What can I say that hasn’t been said before? Not much. A grand, gothic theme, it starts off right at you with that powerful fanfare on the horns. Lumbering onwards there’s powerful chorus throughout. Probably my favourite score of the trilogy (ignoring the 4th film) and one of my favourite Goldsmith themes/tracks.
It’s the rhythm and the acoustic guitars that I like about this track. A short track but a great pick-me-up.
A distinct soft jazz feel to this track with the vibraphone, double bass, piano and brushes on snare drums. I came across this whilst browsing for something else. It’s a great theme and I cam imagine listening to this in a smoke-filled bar…wherever smoking is still permitted indoors.
Textbook Tyler for this short action track: rhythmic undercurrent & frantic strings/brass. Great!

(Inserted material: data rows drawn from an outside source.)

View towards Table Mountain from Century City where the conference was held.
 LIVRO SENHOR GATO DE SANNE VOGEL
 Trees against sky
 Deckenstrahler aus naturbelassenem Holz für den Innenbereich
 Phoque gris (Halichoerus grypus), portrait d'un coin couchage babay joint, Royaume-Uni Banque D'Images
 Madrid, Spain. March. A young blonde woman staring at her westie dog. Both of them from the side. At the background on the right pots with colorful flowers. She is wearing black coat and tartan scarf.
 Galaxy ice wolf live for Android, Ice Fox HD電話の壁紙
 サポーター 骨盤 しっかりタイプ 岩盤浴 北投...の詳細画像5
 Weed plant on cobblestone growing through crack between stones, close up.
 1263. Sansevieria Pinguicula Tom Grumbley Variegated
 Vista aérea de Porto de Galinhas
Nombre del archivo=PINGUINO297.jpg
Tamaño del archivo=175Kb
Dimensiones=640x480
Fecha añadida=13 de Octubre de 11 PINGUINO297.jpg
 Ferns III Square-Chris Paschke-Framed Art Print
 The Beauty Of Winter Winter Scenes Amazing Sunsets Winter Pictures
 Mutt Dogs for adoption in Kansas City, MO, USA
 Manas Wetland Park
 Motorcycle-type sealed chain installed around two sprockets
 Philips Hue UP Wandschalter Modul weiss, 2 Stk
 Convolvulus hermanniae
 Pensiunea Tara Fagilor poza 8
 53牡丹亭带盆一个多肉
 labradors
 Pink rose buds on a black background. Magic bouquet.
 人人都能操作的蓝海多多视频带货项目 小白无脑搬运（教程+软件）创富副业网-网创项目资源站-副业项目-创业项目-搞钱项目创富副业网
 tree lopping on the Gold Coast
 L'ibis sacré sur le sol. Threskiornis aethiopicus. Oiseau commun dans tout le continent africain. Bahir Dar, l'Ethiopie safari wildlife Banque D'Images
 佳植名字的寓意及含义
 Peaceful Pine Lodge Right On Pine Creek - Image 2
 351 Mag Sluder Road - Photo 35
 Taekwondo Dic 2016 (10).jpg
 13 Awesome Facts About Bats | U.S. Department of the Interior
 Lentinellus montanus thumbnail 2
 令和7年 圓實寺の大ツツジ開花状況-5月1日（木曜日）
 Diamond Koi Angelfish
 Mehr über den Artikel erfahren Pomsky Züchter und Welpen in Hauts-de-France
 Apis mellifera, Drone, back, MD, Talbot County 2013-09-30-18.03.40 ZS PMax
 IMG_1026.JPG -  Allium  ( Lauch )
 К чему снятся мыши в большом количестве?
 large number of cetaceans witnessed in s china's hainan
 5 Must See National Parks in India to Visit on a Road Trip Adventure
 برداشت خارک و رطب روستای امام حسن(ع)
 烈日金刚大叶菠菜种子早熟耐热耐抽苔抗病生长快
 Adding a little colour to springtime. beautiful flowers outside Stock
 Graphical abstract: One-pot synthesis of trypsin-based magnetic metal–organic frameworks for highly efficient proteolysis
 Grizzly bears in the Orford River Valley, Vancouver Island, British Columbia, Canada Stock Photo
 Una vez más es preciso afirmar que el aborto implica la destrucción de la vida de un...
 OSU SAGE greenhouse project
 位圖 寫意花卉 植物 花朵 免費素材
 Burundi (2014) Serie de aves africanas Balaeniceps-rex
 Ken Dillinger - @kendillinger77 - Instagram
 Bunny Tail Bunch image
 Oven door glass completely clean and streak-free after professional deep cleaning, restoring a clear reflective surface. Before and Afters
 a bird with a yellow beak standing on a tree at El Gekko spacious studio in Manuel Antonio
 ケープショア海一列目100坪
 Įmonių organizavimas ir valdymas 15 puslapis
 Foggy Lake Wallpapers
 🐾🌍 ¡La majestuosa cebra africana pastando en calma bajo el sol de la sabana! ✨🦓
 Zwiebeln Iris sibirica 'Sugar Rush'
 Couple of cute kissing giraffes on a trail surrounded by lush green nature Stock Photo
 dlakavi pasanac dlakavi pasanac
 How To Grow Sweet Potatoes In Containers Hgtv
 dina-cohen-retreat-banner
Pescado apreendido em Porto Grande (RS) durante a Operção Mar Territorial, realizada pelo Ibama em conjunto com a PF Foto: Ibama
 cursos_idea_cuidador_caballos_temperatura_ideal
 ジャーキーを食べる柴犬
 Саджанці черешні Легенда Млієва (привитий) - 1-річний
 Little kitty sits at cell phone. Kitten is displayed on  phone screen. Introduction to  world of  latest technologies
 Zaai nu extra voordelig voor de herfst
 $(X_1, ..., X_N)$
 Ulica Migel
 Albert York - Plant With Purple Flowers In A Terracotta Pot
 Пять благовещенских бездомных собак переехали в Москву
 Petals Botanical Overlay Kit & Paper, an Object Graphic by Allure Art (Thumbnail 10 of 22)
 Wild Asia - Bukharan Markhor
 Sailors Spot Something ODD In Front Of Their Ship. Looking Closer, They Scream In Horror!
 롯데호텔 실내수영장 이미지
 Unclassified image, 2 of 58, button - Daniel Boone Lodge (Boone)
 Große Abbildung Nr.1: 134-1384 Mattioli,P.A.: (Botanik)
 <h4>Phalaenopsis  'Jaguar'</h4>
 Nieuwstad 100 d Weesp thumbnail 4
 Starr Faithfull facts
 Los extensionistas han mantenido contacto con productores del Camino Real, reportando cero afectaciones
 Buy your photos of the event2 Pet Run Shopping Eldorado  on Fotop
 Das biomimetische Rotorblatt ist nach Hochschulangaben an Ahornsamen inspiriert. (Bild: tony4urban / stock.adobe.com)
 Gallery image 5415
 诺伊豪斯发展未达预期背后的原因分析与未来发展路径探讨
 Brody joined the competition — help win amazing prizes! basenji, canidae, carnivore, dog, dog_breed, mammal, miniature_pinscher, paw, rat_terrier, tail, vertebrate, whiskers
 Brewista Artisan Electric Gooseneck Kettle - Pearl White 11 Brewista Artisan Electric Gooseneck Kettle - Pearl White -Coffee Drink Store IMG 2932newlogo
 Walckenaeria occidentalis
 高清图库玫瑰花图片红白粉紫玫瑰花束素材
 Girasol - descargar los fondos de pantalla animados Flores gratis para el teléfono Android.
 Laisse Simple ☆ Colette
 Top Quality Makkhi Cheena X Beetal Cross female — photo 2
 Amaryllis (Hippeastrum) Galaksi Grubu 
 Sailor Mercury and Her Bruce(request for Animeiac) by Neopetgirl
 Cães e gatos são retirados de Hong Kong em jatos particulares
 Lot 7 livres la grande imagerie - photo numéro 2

One of my wife’s favourite “classical” pieces. Probably a favourite on Classic FM radio but I wasn’t familiar with it. But it’s a very powerful theme. The version I am familiar with is the EMI Music For Pleasure version with Emin Khachaturian/USSR Cinema Symphony Orchestra.
Dual mandolins (by the sound of it) play what could be a piece of source music as it’s structured as a piece of formal music (may be some sort of montage?) A fiesta? Nice and light.
A lovely orchestral piece for strings, piano and clarinet (I assume clarinet as George plays clarinet). When this composer is called to provide music with an emotional clout he usually delivers in spades.
I could easily have listed this piece as the theme from the BBC Holiday(?) programme. Sometimes the use of music for film (or even classical pieces) in other places lumbers them with different associations to those initially intended. I could never see this scene in this movie and not see people on holiday.
Quite a formal track in that it seems to have a form that would be more appropriate in a concert hall. I like the staccato strings’ rhythm throughout the track more than anything else.
This an excellent score and I like this track especially the way it starts with the vocals and then moves into orchestra with a subtle electronic rhythm. Then in the latter half it all comes together.